We found ourselves this weekend in a position that I never pictured us in before. Not once did I think this would ever happen to us, even when we added Gigi into the fold. I'm still shaking my head, it just seems impossible to believe we'd ever have weekend like this. Yet it happened and we never saw it coming.
Saturday night I found myself chopping up many heads of broccoli to make a nifty little buffet broccoli salad (without nuts) for a pot luck buffet and this unto itself was not unusual.
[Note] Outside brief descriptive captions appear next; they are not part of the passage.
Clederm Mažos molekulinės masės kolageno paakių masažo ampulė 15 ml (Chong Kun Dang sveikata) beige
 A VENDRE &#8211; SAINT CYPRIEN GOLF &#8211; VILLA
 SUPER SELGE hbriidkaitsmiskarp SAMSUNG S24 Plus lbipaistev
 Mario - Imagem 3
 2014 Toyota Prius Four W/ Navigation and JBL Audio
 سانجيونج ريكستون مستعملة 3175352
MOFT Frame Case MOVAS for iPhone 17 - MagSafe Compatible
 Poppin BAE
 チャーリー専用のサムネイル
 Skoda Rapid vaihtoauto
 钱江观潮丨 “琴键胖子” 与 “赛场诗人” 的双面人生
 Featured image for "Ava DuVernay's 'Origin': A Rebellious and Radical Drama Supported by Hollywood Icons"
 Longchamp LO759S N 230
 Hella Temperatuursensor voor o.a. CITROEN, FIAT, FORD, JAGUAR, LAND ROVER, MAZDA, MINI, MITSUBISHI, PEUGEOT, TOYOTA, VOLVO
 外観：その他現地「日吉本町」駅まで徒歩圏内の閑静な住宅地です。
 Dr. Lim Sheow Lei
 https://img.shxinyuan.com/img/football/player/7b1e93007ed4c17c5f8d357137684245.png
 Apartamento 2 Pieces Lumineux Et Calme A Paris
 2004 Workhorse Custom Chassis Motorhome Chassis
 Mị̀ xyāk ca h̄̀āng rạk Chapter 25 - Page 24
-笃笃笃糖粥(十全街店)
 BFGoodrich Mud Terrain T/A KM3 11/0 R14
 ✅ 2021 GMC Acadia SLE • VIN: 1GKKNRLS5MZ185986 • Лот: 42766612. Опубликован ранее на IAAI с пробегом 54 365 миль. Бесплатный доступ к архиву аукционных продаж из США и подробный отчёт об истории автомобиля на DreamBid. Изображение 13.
Pot lucks were not uncommon before I was made a full fledged head-of-household partner. I worked for more than one client that insisted all the consultants attend AND contribute to any company potlucks and often found myself on a week night returning home from some post work beers only to turn right around and back to the scary 24 hour grocery store down the back alley, slightly buzzed, to purchase what one hoped was an acceptable, non-offending, and non-poisonous contribution to a client's baby shower for Marcy in the mail room. This would always be followed by a panicky period where I would be racking my brains trying to remember what I signed up to bring, hoping that I hadn't agreed to bring dessert when I just purchased a really expensive spinach salad in a bread bowl combo. Take my word, those head of the party planning committee folks can get really miffed when there are too many appetizers and not enough desserts. There is no faster way to get a poor client appraisal when you show up with cheese when they were expecting chocolate.
Anyhow, those were the good ol' singleton days where I had disposable income out the ying-yang to throw around on prepared foods for forty people. These days, I stand in my kitchen chopping broccoli for a nifty little buffet broccoli salad (without nuts).
So it wasn't the fact that we were attending a Christmas potluck, a Christmas potluck hosted by my child's school that had me shaking my head in disbelief but the fact of who we were attending as.
That's right. We agreed to attend as someone else.
You are reading the diary of one Christmas elf who happens to be married to one Mr. Santa Claus.
I would have rolled my eyes and called you insane, if you had told me that one day I would be tramping through minus twenty-one degree weather to be the centrepiece to a a room full of people, all while dressed as an elf and standing next to my husband, who was dressed as Santa and watching him scare child after child because holy crow these three year olds have NO IDEA WHO THIS FREAK IS. Yet these kids didn't run away because bad Santa was bearing gifts. But they still had enough fear in them to act like they want to scream "OMG WHO IS THE FREAK IN RED MOMMY - AHHHHHH!" while maintaining some composure.
Seriously, I've never seen so many catatonic scared children. Only a few cried, but most looked like they were afraid to avert their eyes for fear that would be when HE ATTACKS.
Actually, that part was kind of fun.
But yes, if you had told me that one day I'd be running out the door, with a tub of homemade broccoli buffet salad (without nuts) under one arm, while pulling a child so bundled up that she couldn't move her limbs, all while yelling "we gotta go now because if Santa and his elf are late, there is gonna be hell to pay", well I would have laughed you out of the bar, partner.
Oh yes, in true form: we forgot the camera. Darn.
19 comments:
I would have paid money for photographic evidence of that. Good money that I usually squirrel away for important things, like lattes. And gin.
So are you an elf, or are you Mrs. Roper??? You're screwing up my viual!
Oh the things we do for our kids!
Like you new look!
oooh...new layout. love it.
oooh..you are an elf. love it.
:)
Seems rather unfair that you had to be Santa/Elf AND bring something. But it does sound like fun (I'm picturing the looks on the kids' faces).
Seriously! I second that whole business of having to double duty it with the elf business AND the broccoli side. I have to go to a potluck Sunday, and I have to bring an entree AND a dessert, which would be just like eating dinner at home, which...sigh...I just wish I was.
Potluck dinner in costume?! And it's not Halloween? WOW - you must really love your kid!
So, did you really forget the camera....or did you just leave it at home ;O) Because dude, I would have paid to see that!
Oh, my heck. How on earth does one score a gig like that?
I certainly hope you had a glass of wine before you went.....
awesome.
This year was my first trip to visit a mall santa (my son is 20 months). I was kinda hoping that was as wierd as it got. You definitely win good mom points for elfing it up.
How COULD you forget the camera!? A swearing elf is something I need to see a picture of.
I can see I'm going to have to fly up there and super glue your camera to your palm!
That would have been the BEST family photo/Xmas card EVER! Especially if you were showing off your elf-y broccoli casserole and happened to catch a couple of terrified children in the background as Santa tried to lure them in.
I don't even need a photo... I can visualize the whole thing.
See? And now you have to do it again next year so we can all enjoy the pictures.
It sounds like fun. :P
How did the frightened children enjoy the broccoli buffet salad (without nuts)?
Aw, DAMN that would've been a good shot. How did the salad turn out?
Oh I hate that! I always forget the camera at this very sort of function. Think it's subliminal?